## Task goal:
Nothing but the pictures should be dropped; repeat the rest of the data below exactly.

Dataset items:
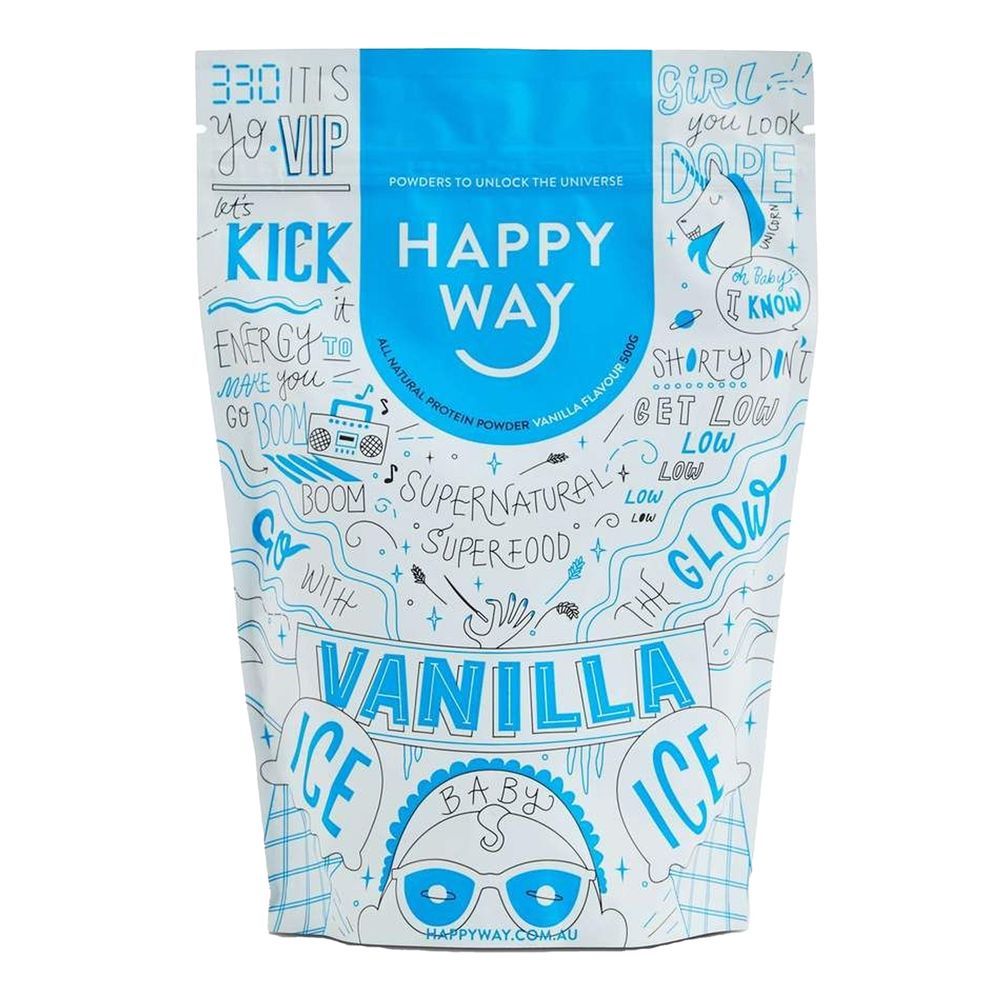 Happy Way - Whey Vanilla Protein Powder - 500g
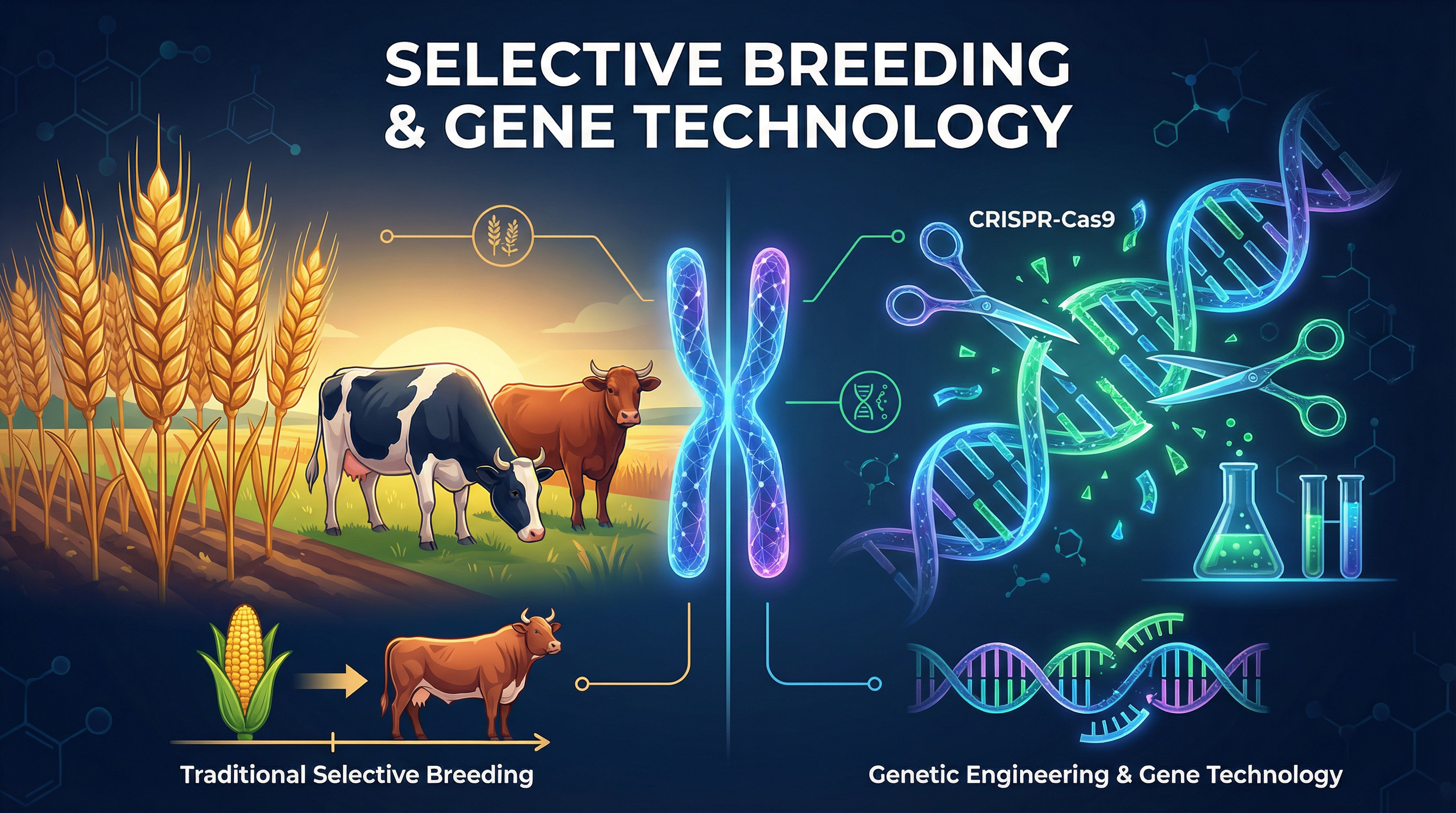 Header image for Selective Breeding & Gene Technology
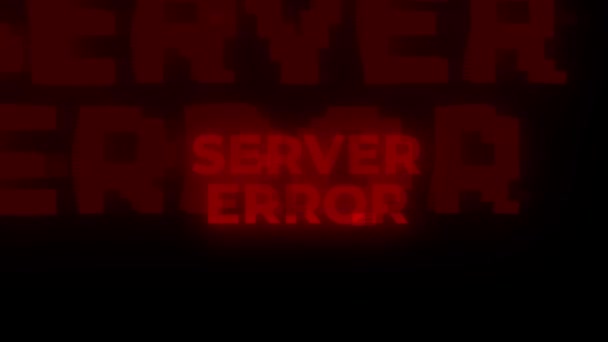 Błąd Serwera Red Warning Alror Alert Computer Virus Alert Hacking — Wideo stockowe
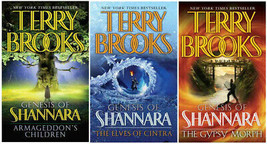 Genesis Of Shannara Trilogy By Terry Brooks Paperback Set Of Books 1-3 - £18.66 GBP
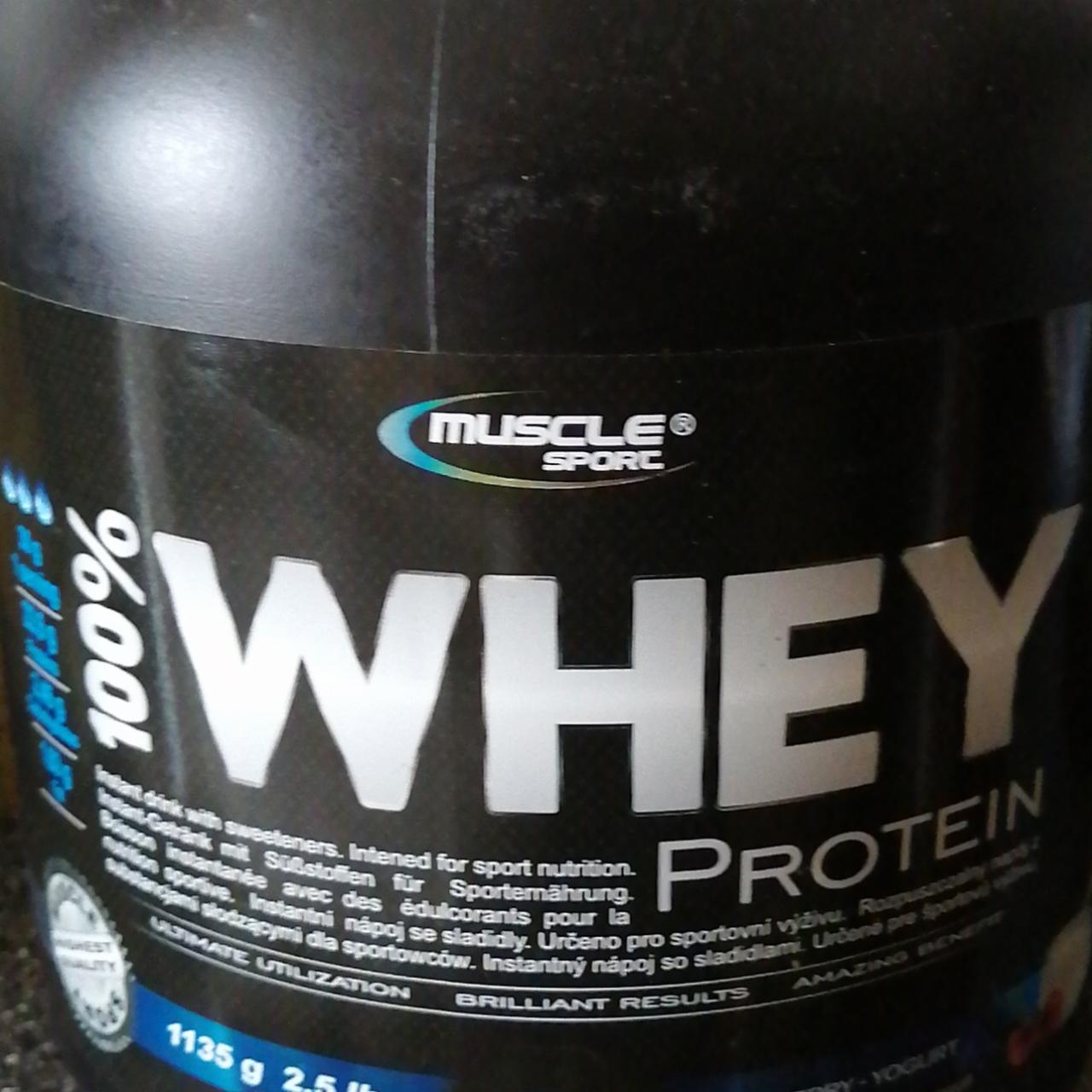 Fotografie - 100% Whey protein MuscleSport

## Written answer:
 Happy Way - Whey Vanilla Protein Powder - 500g
 Header image for Selective Breeding & Gene Technology
 Błąd Serwera Red Warning Alror Alert Computer Virus Alert Hacking — Wideo stockowe
 Genesis Of Shannara Trilogy By Terry Brooks Paperback Set Of Books 1-3 - £18.66 GBP
 Fotografie - 100% Whey protein MuscleSport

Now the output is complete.